*** Data to use

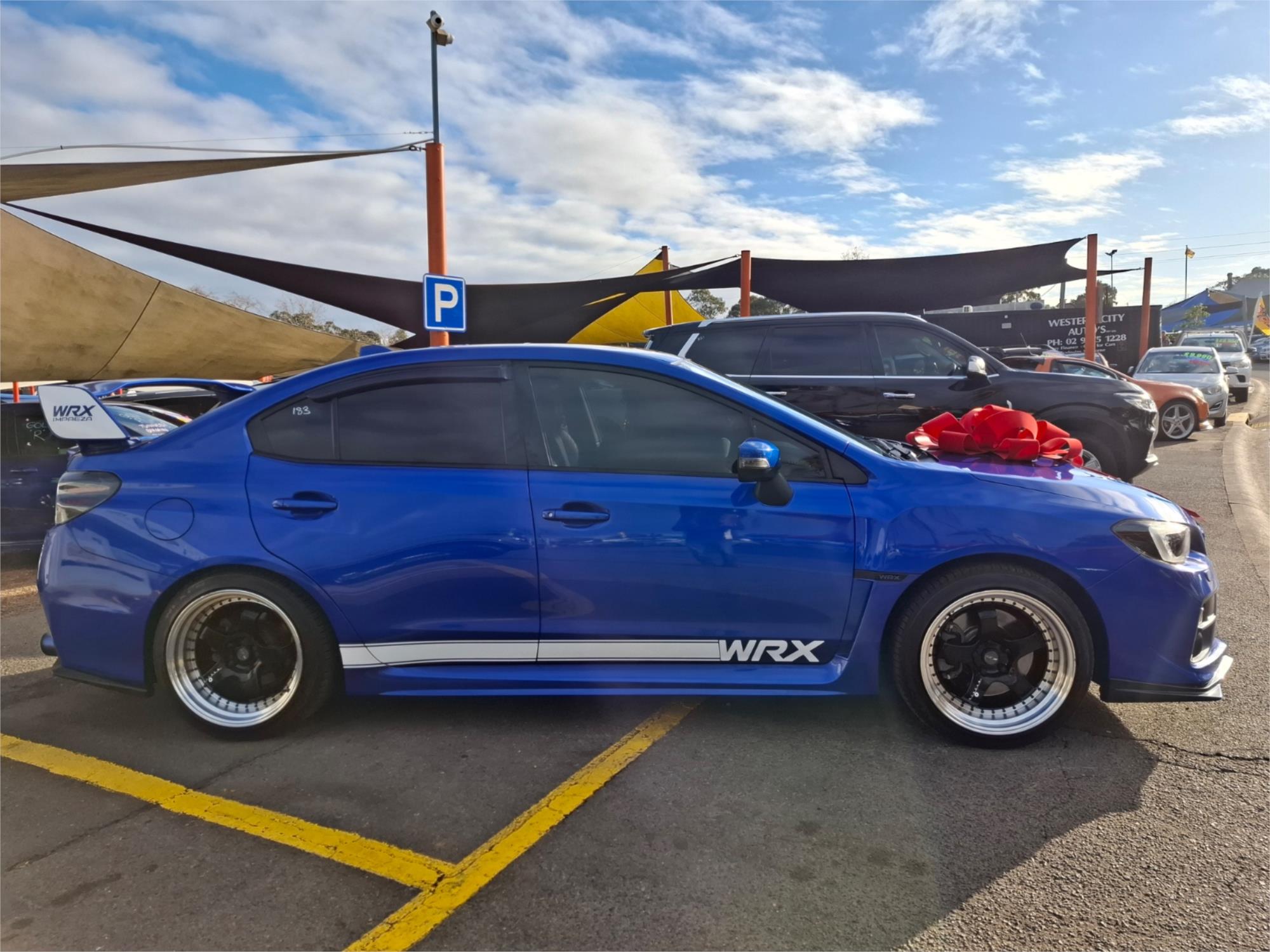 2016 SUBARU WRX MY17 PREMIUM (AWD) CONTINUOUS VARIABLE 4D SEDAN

******
*** Data to use

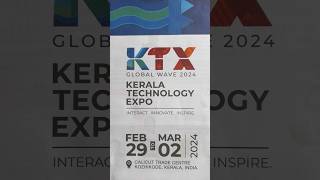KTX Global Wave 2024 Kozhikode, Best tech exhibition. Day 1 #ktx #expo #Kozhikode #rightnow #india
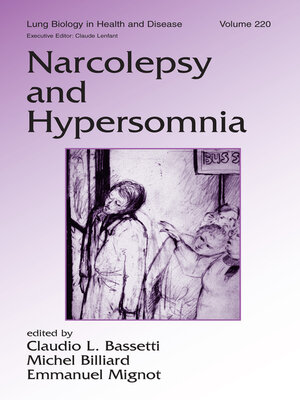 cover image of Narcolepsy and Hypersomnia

******

Would you transcribe the lines above exactly, going from the line bearing "KTX Global Wave" through the line bearing "cover image of Narcolepsy and Hypersomnia", and drop the pictures from the copy?

> _Exercise solution_
KTX Global Wave 2024 Kozhikode, Best tech exhibition. Day 1 #ktx #expo #Kozhikode #rightnow #india
 cover image of Narcolepsy and Hypersomnia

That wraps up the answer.